Ze waren er o.a. ook menigmaal toen hij bij van de Woestijne op bezoek kwam. We lezen bij Minderaa: ‘In September 1905 was Van Langendonck een week te gast in Laethem. Op den gastheer maakte zijn persoonlijkheid een diepen indruk. Hij noemt hem: een komplete, diepe en blijde, een ernstige en grappige verschijning.... Toen Van Langendonck, min of meer hersteld, van Bonn terugkeerde, werd hij weer geregelde gast in het huis aan den vijver. Uit de gesprekken daar gevoerd, duiken weer nieuwe plannen op’. Plannenmakerij? Tot acht dagen vóór zijn dood, want Roelants schrijft: ‘Hij zit met Vermeylen aan zijn kleine tafel en hij zet litteraire vooruitzichten uiteen: wij moeten een nieuw tijdschrift oprichten met de jongeren’.
Plannenmakerij, verbazend goed humeur, verre wandelingen, praatzucht en overmoed, zijn niet de enige hypomane symptomen die Van Langendonck vertoond heeft. Allereerst waren daar nog de zo typische familiariteit, bezigheidsdrang en bemoeizucht. Iedere psychiater weet hoe de hypomaan, wanneer hij in een gesticht wordt opgenomen, zich van alle andere patiënten onderscheidt doordat hij zich direct volkomen thuis voelt, direct met iedereen bevriend is en een storende behulpzaamheid aan de dag legt. Laten we nu eens lezen wat Roelants schrijft over Van Langendoncks handel en wandel kort na zijn opname in het St. Jans Gasthuis: ‘In een zaal van 20 tot 30 zieken, troffen we onzen vriend aan in het grauwe hospitaalpak, genummerd en met de traditionele ziekenmuts op. Waren wij ten zeerste verbaasd, hij vond zooiets blijkbaar zeer natuurlijk en groette ons op de meest hartelijke wijze. Het had er den schijn van, dat hij zich sedert jaar en dag in dit droeve midden bewoog en we moesten het, willens nillens, aanzien dat een befaamd Vlaamsch dichter zich thuis voelde onder de meest ellendigen. Links gaf hij een ouden man zijn krukken over of nam een zwaarzieke onder den arm om hem even rechtop te zetten. Ofwel ging hij wandelend, twee zieken schragend, door de grijze gang en mengde zich in hun banale gesprekken. De patiënten noemden hem “Prosper” en het familiaire vleide hem ten zeerste. Voor een neutraal bezoeker leek het wel of Van Langendonck tot het dienstpersoneel behoorde’.
De overmoed der hypomanen is er een die licht in geprikkeldheid overslaat, en Roelants vertelt: ‘Eens, toen hij, tenden adem, nog slechts met moeite de helling der straat beklimmen kon, bood ik hem aan op mijn arm te steunen. Een heftige woede flitste in zijn oogen en, door sjirpend hijgen, beet hij me toe: Roelants, laat me met rust. Ik heb het altijd zonder steun kunnen stellen. Ik wil het nog zoo doen’.

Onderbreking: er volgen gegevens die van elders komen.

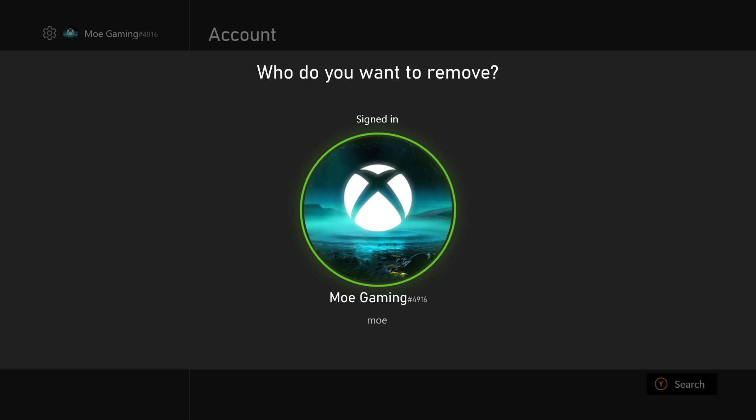For some odd reason, this just happens through some network error where you legitimately bought Game Pass or whatever and then you're trying to play the game and this error comes up. This helps make it go away — it kind of reconnects back to the server in a way, or just gets rid of this error and you're good to go.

Kenmerkend voor hypomanen is verhoogde libido en drankzucht, en bij Minderaa lezen we: ‘3 December 1906 meldt van de Woestijne verdrietig dat Van Langendonck overmatig drinkt, dan scheldt op wat hem het dierbaarst is, zijn religie, en geëxalteerd uitroept: dat hij al de genoegens van het vleesch smaken wil’.
En was Van Langendonck niet gelijk ieder lijder aan hypomanie een zieke met naïeve zelfoverschatting? We hoorden hem bij Dr. Schamelhout reeds uitroepen: ‘Nu schrijven ze allen over Karel van de Woestijne, maar ik deed het toch eerst! En wie heeft er Teirlinck, Toussaint en Verriest ontdekt? En wie schreef zoo bewonderend en oprecht over Gezelle?’, en aan De Bom zegde hij eens: ‘dat, waren niet alle machten vereenigd geweest om hem neer te vellen, hij iets van de Olympische grootheid en 't gezonde evenwicht van een geest als Goethe in zich had kunnen ontwikkelen’.